Patient recourses
NHS Inform Cervical Myelopathy
Definition
Cervical Myelopathy (also known as Degenerative Cervical Myelopathy) is the most common atraumatic spinal cord condition in adults. It occurs when degenerative changes cause spinal cord compression and is characterised by loss of fine motor control and coordination, gait dysfunction, and genitourinary disturbance.
A diagnosis of cervical myelopathy is made when an individual presents with clinical symptoms and corresponding MRI evidence of myelopathic cord compression.
Prognosis
Cervical myelopathy symptoms exist on a spectrum of severity. The natural history is relatively unknown. However, there is moderate evidence that 20%-62% of patients with symptomatic cervical myelopathy deteriorate by ≥1 point on the modified Japanese Orthopaedic Assessment (mJOA) scale within 3-6 years.

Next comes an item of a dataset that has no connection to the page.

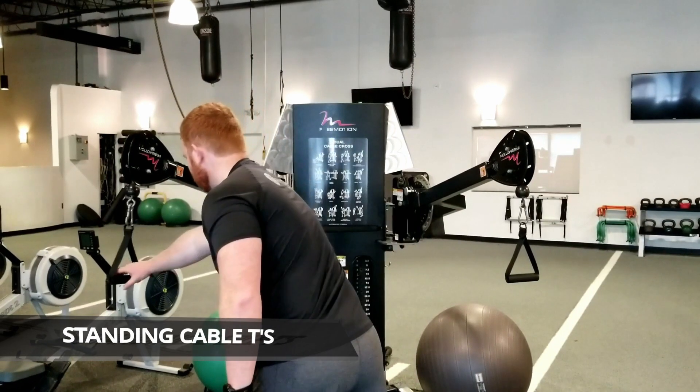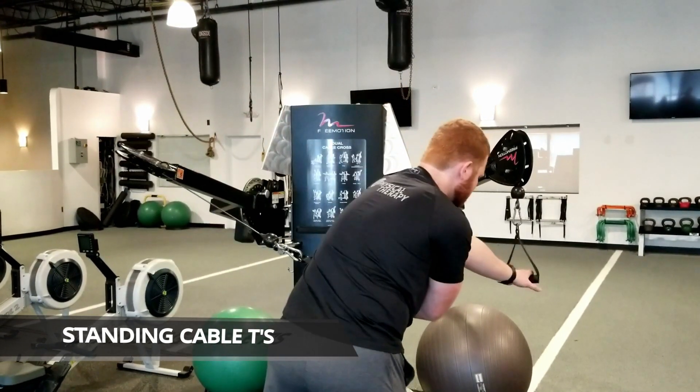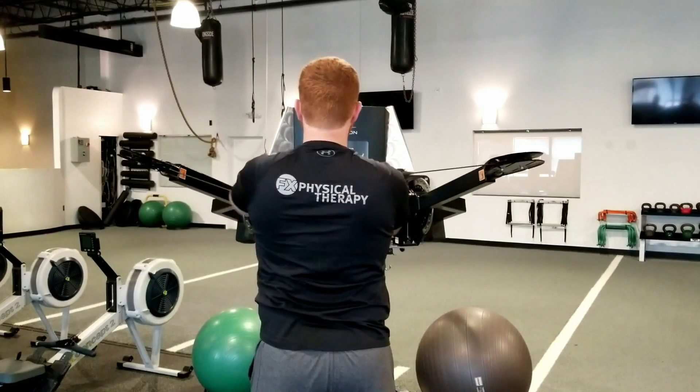Stand facing a cable column with the handle attachments at chest height. Reach across and grab the opposite handle with each hand.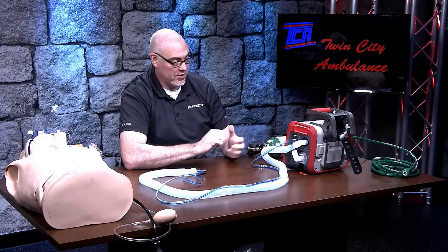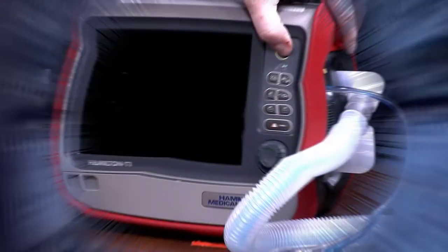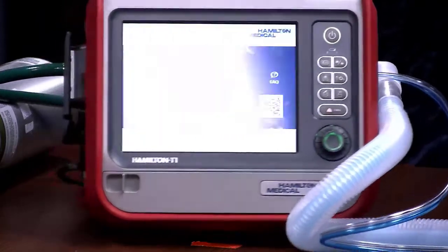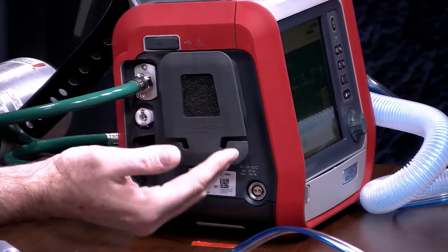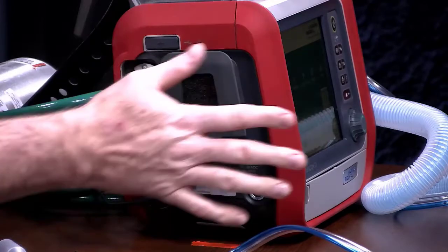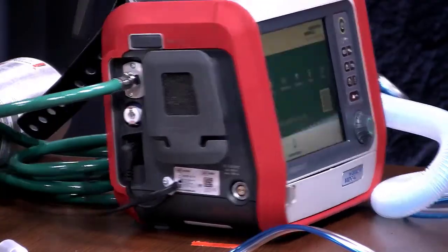At this point, the connections are pretty much set to go for your patient. The next thing we will do is turn the ventilator on and go through the setup to ensure the connections are correct. When you first turn on the monitor, it's going to go through a setup cycle as most computers do. On this end of the monitor, there is an air intake — a piece of sponge where the air is drawn in from atmospheric air to produce the pressure to run the vent. When you have this with your patient, make sure this is unencumbered and not blocked, because you'll actually be blocking the intake air going into the ventilator.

There is moderate evidence that patients with cervical myelopathy worsen in performing activities of daily living with non-operative treatment at 1year (6%), 2year (21%), 3year (28%), and 10year (56%) follow-up.
Typical Signs & Symptoms
The onset is usually insidious, and diagnosis is based on history, physical examination, and imaging findings.
Common symptoms include:
- Stiff neck or legs
- Altered sensation in the legs
- Altered balance and staggering when walking
- Bilateral hand numbness
- Loss of dexterity (difficulty doing up buttons/holding a pen)
- Clumsiness in the hands.
Signs include:
- Hyper-reflexia
- Abnormal pathological reflexes (e.g. positive Hoffman, plantar response, ankle clonus)
- Increased tone
- Motor deficits
- Atrophy of intrinsic hand muscles
- A broad-based unstable, ataxic gait
- Bowel and bladder dysfunction
Risk factors for poor outcome
It is suggested that the severity and length of time patients have symptoms prior to treatment results in a poorer outcome.
Other considerations
mJOA scale is the most widely used outcome scale to measure the severity of cervical myelopathy. It has moderate internal consistency. The reliability of the mJOA has not been established.
Differential Diagnosis
Differential diagnoses include intracranial, demyelinating, motor neuron, infectious, inflammatory, and metabolic diseases. In a recent narrative review, it was suggested that vitamin B12 deficiency, Multiple sclerosis (MS), and peripheral nerve entrapment are differential diagnoses of cervical myelopathy.